1
votes

I created a GraphQL API using AWS' Amplify. In the schema, I have a Comment model that looks like this:

type Comment
  @auth(rules: [{ allow: owner }, { allow: private, operations: [read] }, { allow: public, operations: [read] }])
  @model
  @key(name: "byAuthor", fields: ["authorID"])
  @key(name: "byPost", fields: ["postID"]) {
  content: String!
  createdAt: AWSDateTime!
  id: ID!
  owner: String
  postID: ID!
  updatedAt: AWSDateTime!
}

This gives the owner permission to create, read, update, and delete, and restricts unauthenticated/authenticated-non-owner users to read-only. This works as expected; however, the owner can update the ownerField's value, essentially attributing the comment to another user...which is a no-no. To prevent this, I tried using field-level permissions (see below); however, that doesn't appear to be stopping the update.

...
owner: String @auth(rules: [{ allow: owner, operations: [ create ]}])
...

Is there something I'm missing?
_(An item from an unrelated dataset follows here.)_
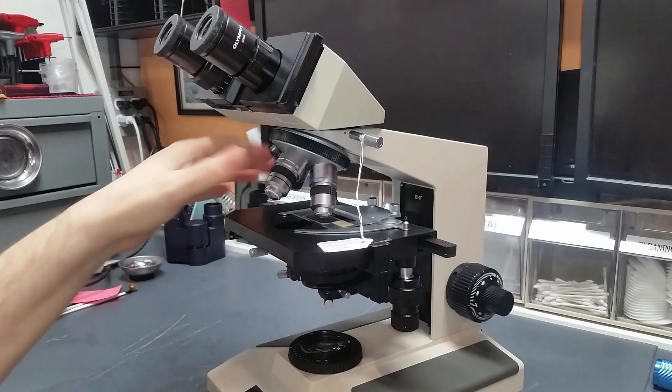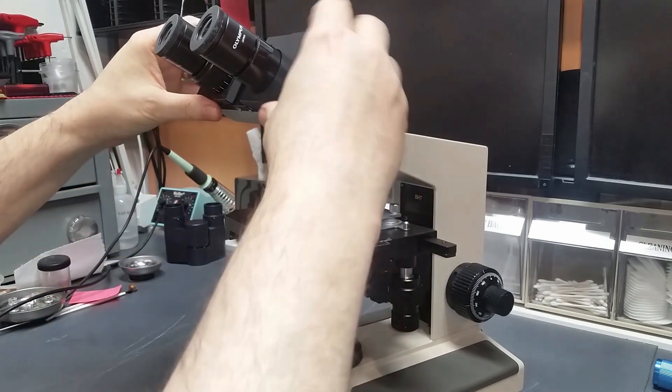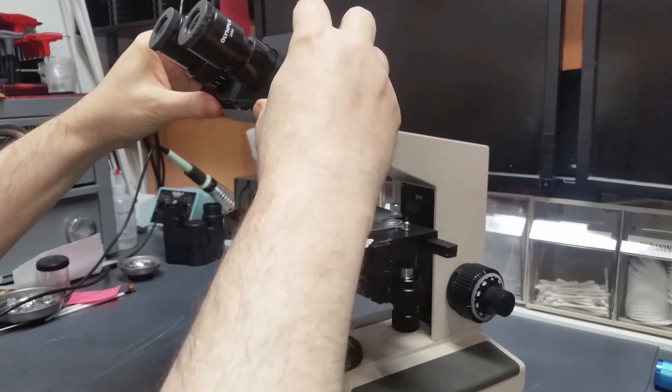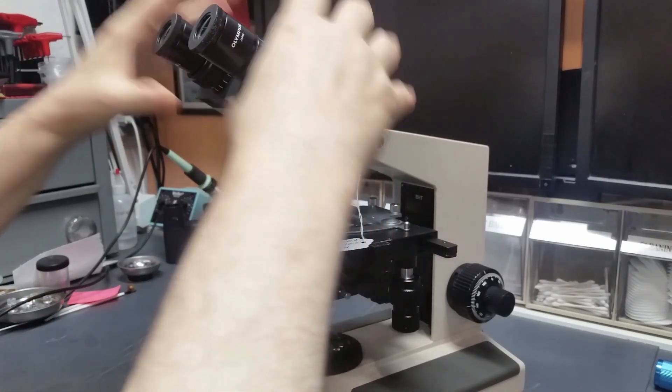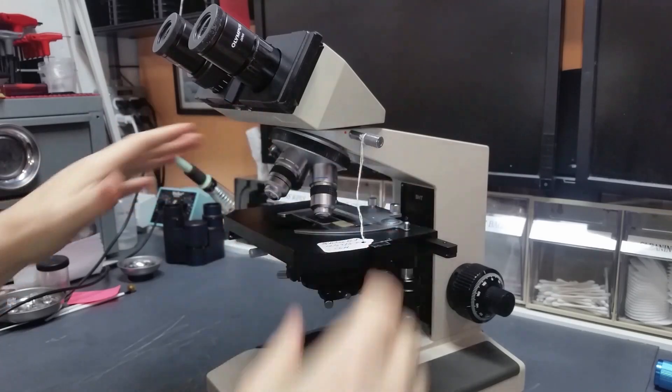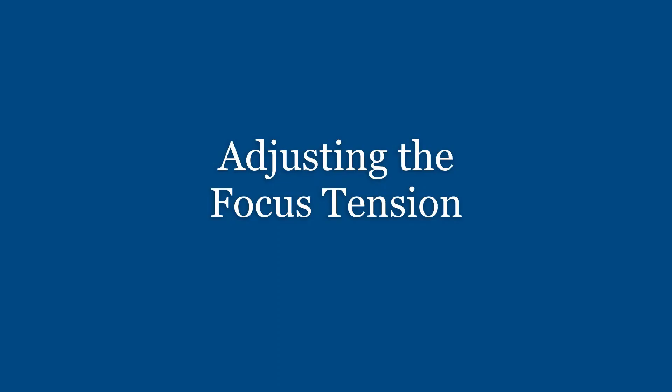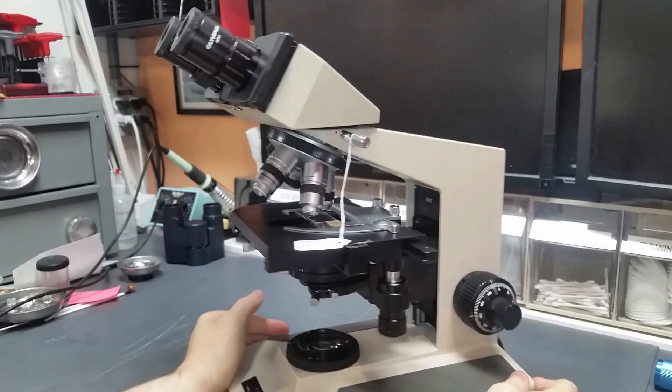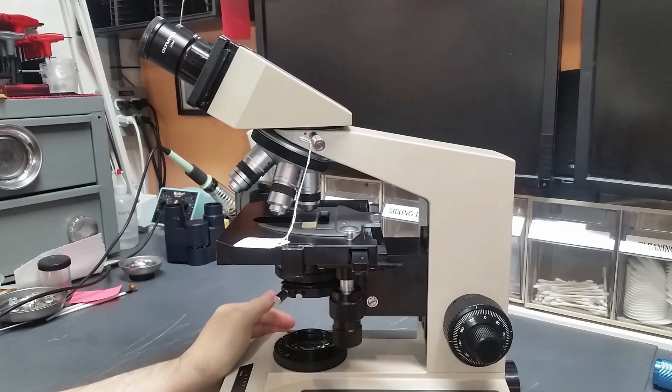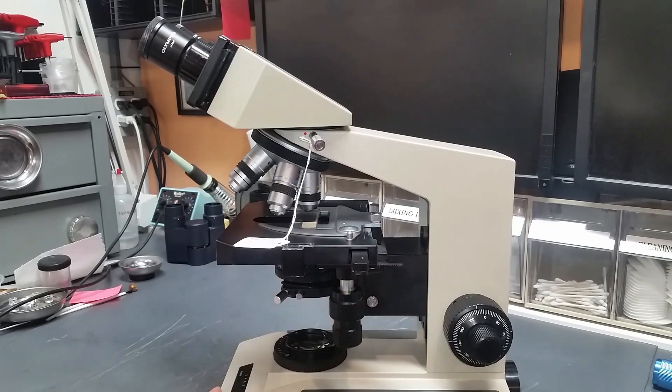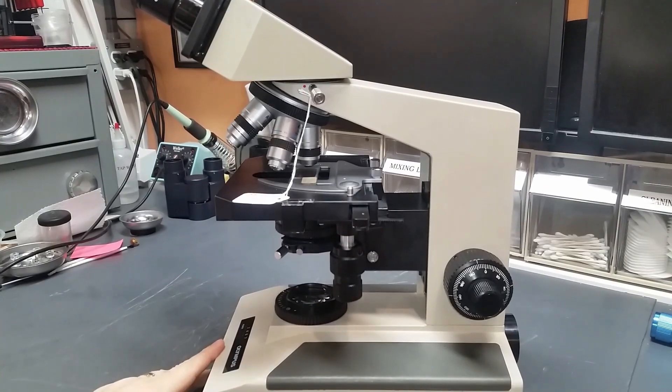I just got it out to do a final checkup, make sure that everything is working, all the optics are good. I wanted to show you a couple things I do as far as alignment checks on these scopes before I send them out.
Any help is much appreciated--thank you!

1
I've tried setting the top-level auth rules to only allow create, read, and delete operations for the owner and changing the field-level auth on the content field to update to see if the inverse would work, and I'm still able to update the owner field.robbymarston

1 Answers

3
votes

You're very close. Using a field-level @auth directive, you want to explicitly grant the owner the ability to create and read and explicitly deny the world the ability to update and delete. It might look something like:

type Todo
    @model
    @auth(rules: [{ allow: owner, ownerField: "author" }]) {
    id: ID!
    name: String!
    author: String
        @auth(
            rules: [
                { allow: groups, groups: ["FORBIDDEN"], operations: [update, delete] }
                { allow: owner, ownerField: "author", operations: [create, read] }
            ]
        )
}

Here, the "FORBIDDEN" group is a non-existent group. Its name can be anything so long as you do not plan to actually create a group by that name in the future. Because no user will ever have the "FORBIDDEN" group claim, any/all update or delete operations on the field will fail.